■ **Task details**
Take the line that contains "Square Ceramic Vanity Top - White (AI-1310)" and each line after it to the end of the data below, and set them down exactly, omitting pictures.

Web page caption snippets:
━━━━

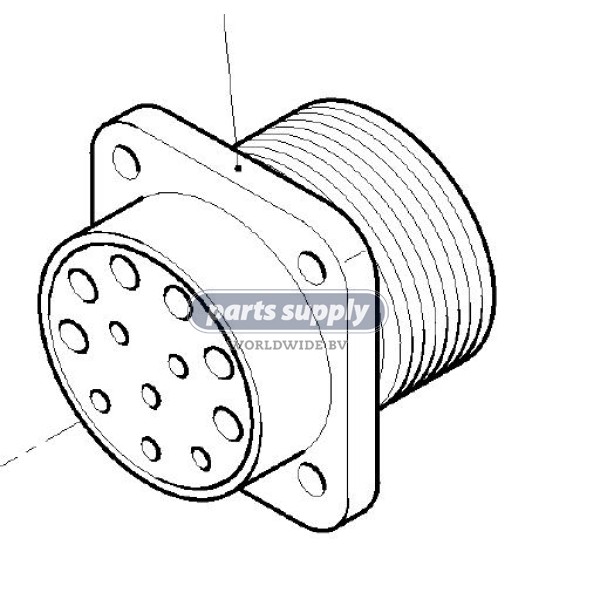 Box with flange for Terex Demag reference 49096240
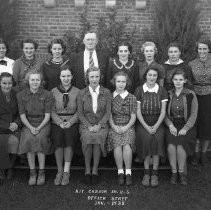 Kit Carson School 1938 Office Staff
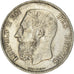 Moneta, Belgio, Leopold II, 5 Francs, 5 Frank, 1873, BB, Argento, KM:24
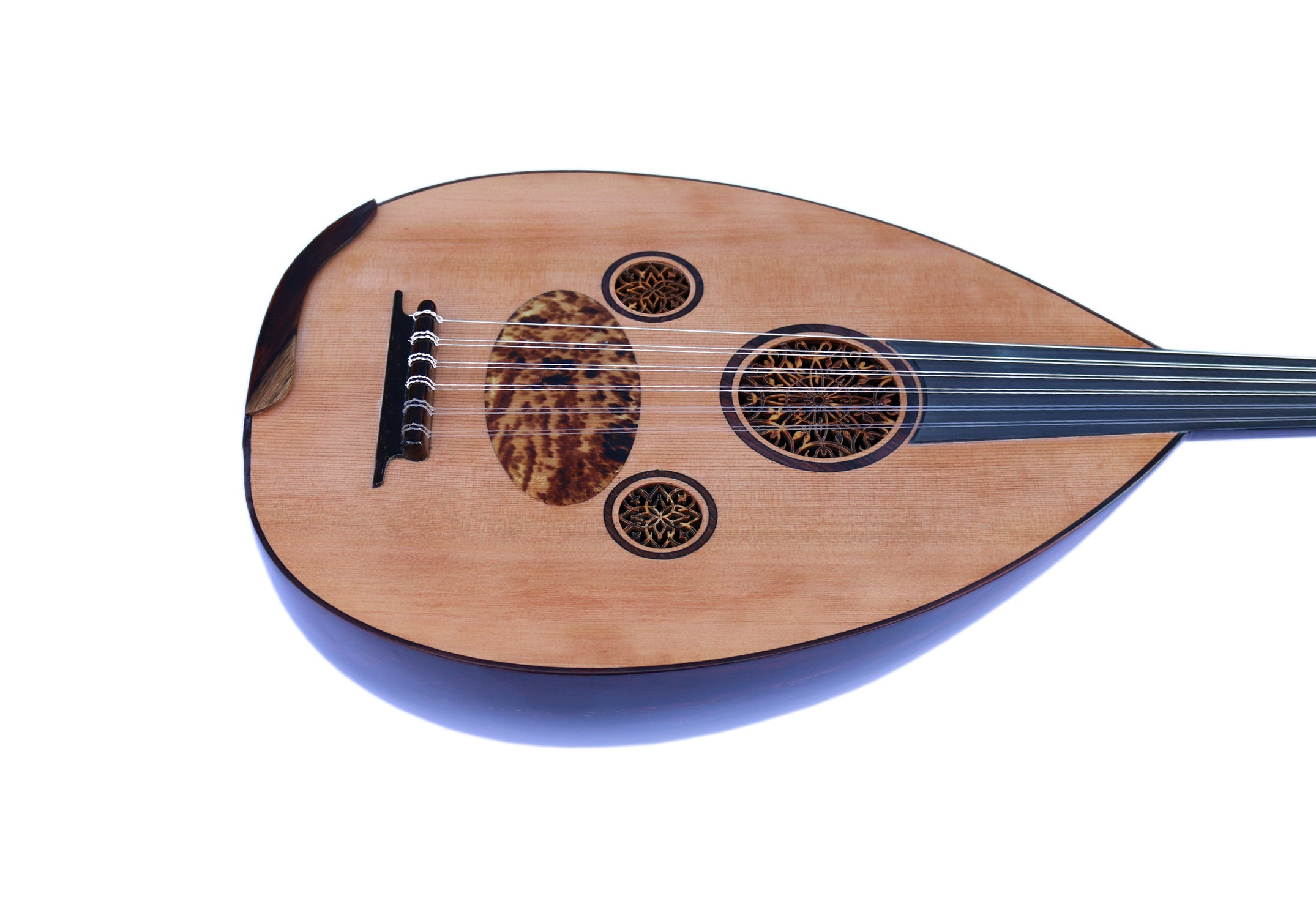 Üstat luthiye Mustafa Copcuoglu el yapımı özel Türk udu MCO-6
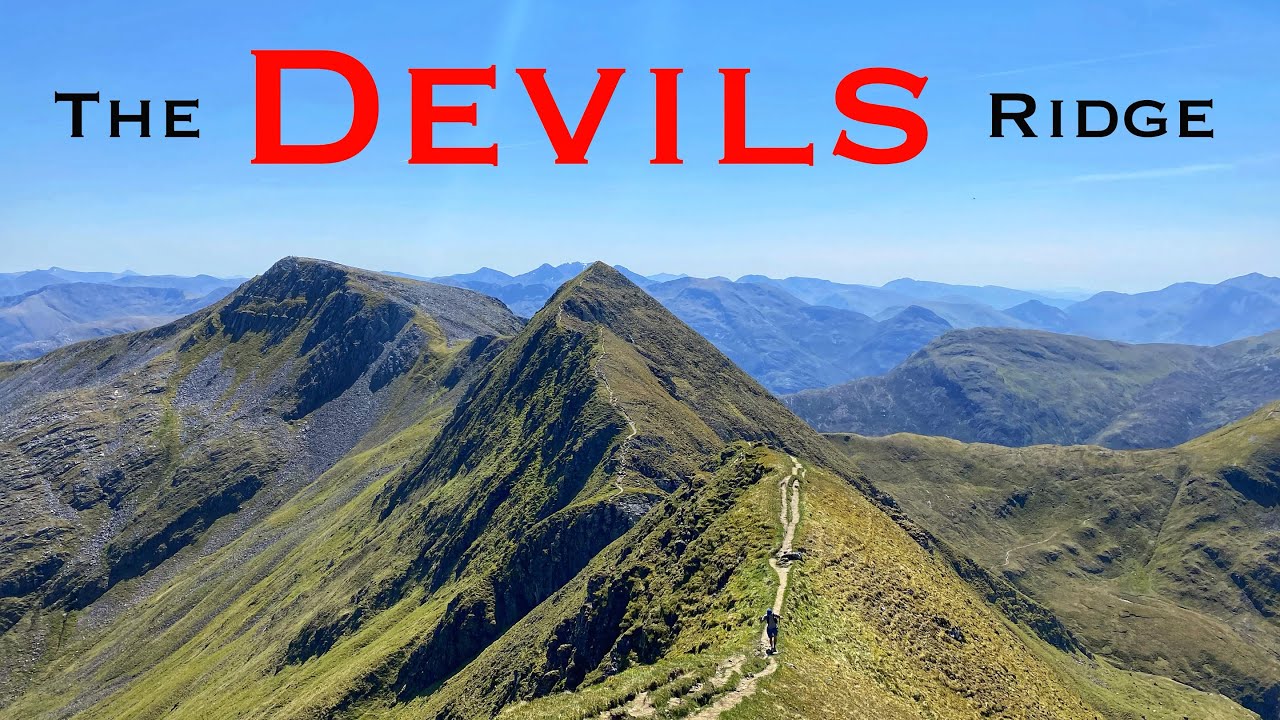 Does this terrifying ridge walk live up to its name? (The Devils Ridge)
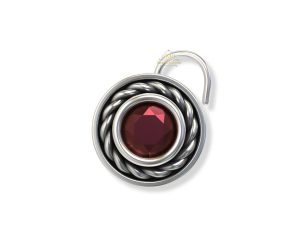 SJ SHUBHAM JEWELLERS™ 925 sterling Silver handmade Antique oxidized nose pin for women (P) (Design2, 5MM Red)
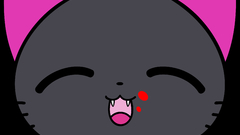 Fangs nyanpire cats blood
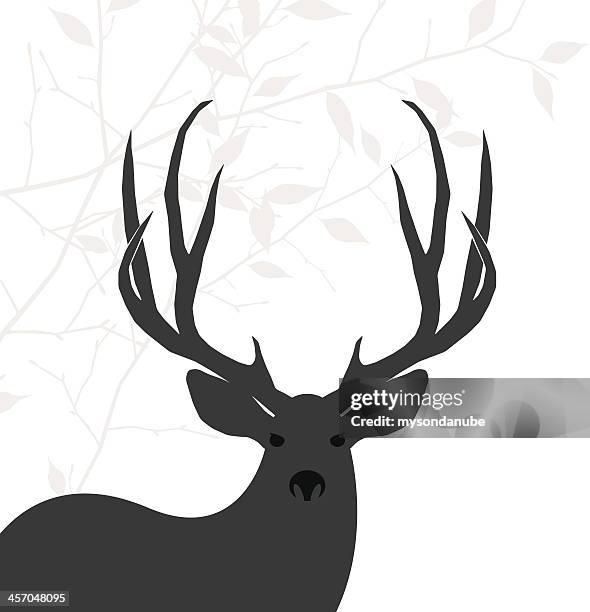 deer background - buck stock illustrations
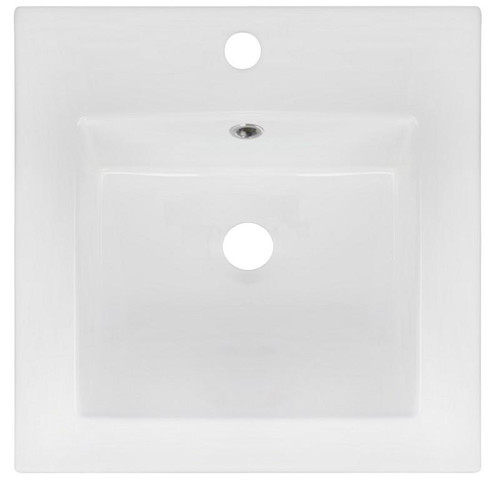 Square Ceramic Vanity Top - White (AI-1310)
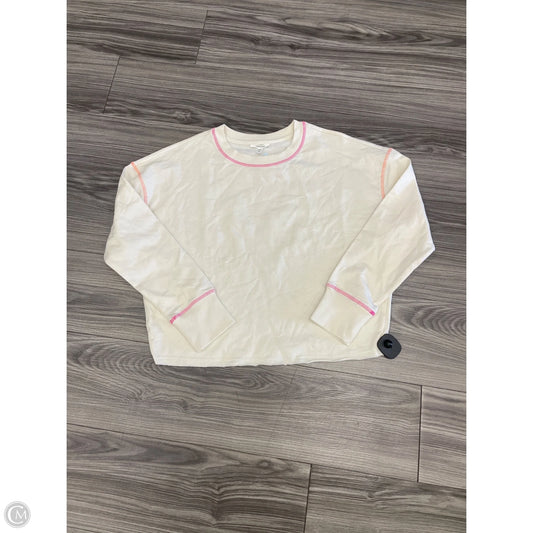 Top Long Sleeve By Maurices In White, Size: M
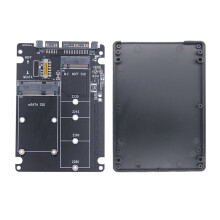 M.2 NGFF MSATA SSD Naar 3.0 Adapterkaart 2 in 1 Converterkaart M.2 SSD Adapterkaart Externe Harde Schijfbehuizing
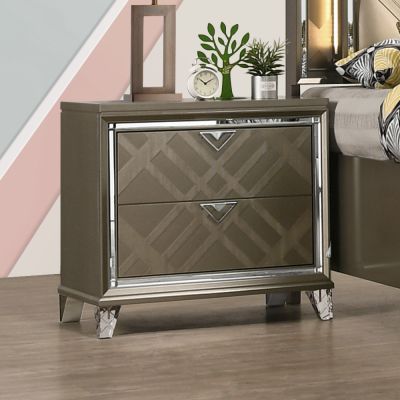 Skylar Nightstand 25323 Champagne By Acme Furniture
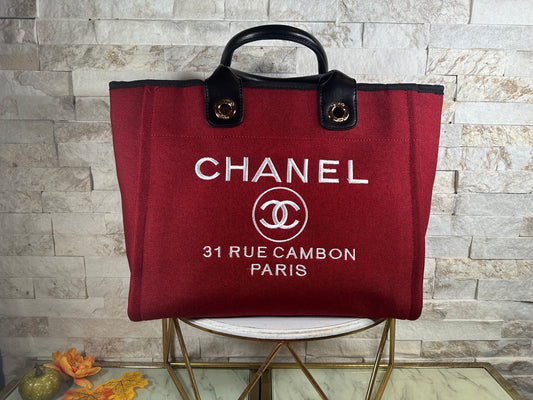 Mirror Bags- Wine Color CC Tote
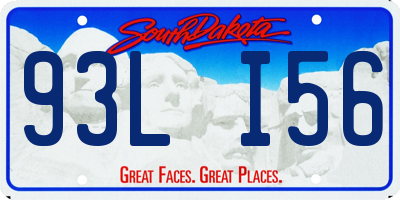 SD license plate 93LI56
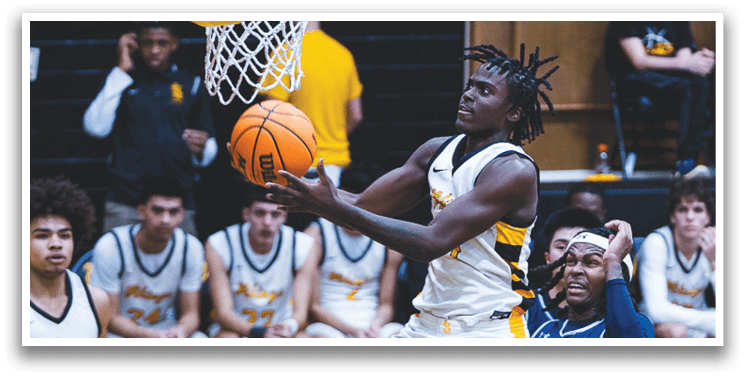 A basketball player is leaping in the air to dunk the ball. AI generated content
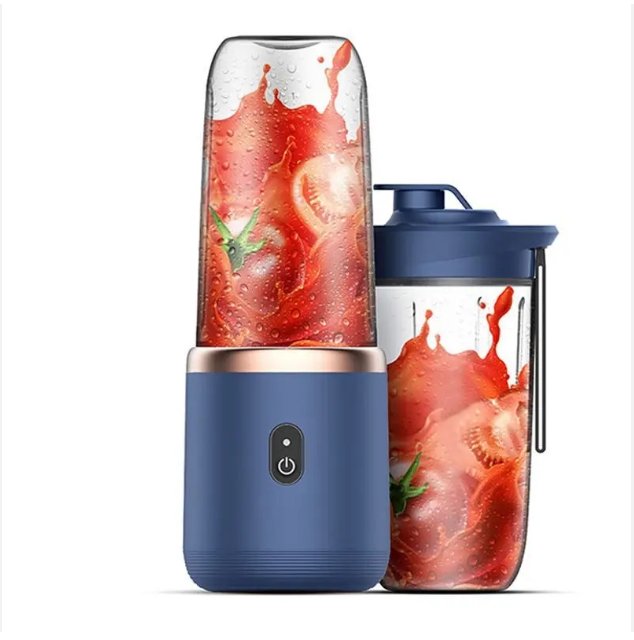 Cordless Portable Blender for Smoothies and Shakes – 2-in-1 Personal Mini Blender with Travel Cup, Automatic Pulse & Self-Cleaning, Quiet Electric Juicer Maker for Gym, Office, Travel, and Car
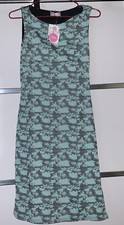 Ladies blue print sleeveless dress size s/m Summer Formal Work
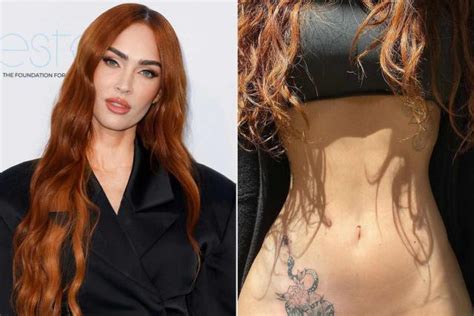 Megan Fox Debuts New Tattoos — Including a Risqué Hip Coverup of Ex ...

━━━━

■ **Exercise result**
 Square Ceramic Vanity Top - White (AI-1310)
 Top Long Sleeve By Maurices In White, Size: M
 M.2 NGFF MSATA SSD Naar 3.0 Adapterkaart 2 in 1 Converterkaart M.2 SSD Adapterkaart Externe Harde Schijfbehuizing
 Skylar Nightstand 25323 Champagne By Acme Furniture
 Mirror Bags- Wine Color CC Tote
 SD license plate 93LI56
 A basketball player is leaping in the air to dunk the ball. AI generated content
 Cordless Portable Blender for Smoothies and Shakes – 2-in-1 Personal Mini Blender with Travel Cup, Automatic Pulse & Self-Cleaning, Quiet Electric Juicer Maker for Gym, Office, Travel, and Car
 Ladies blue print sleeveless dress size s/m Summer Formal Work
 Megan Fox Debuts New Tattoos — Including a Risqué Hip Coverup of Ex ...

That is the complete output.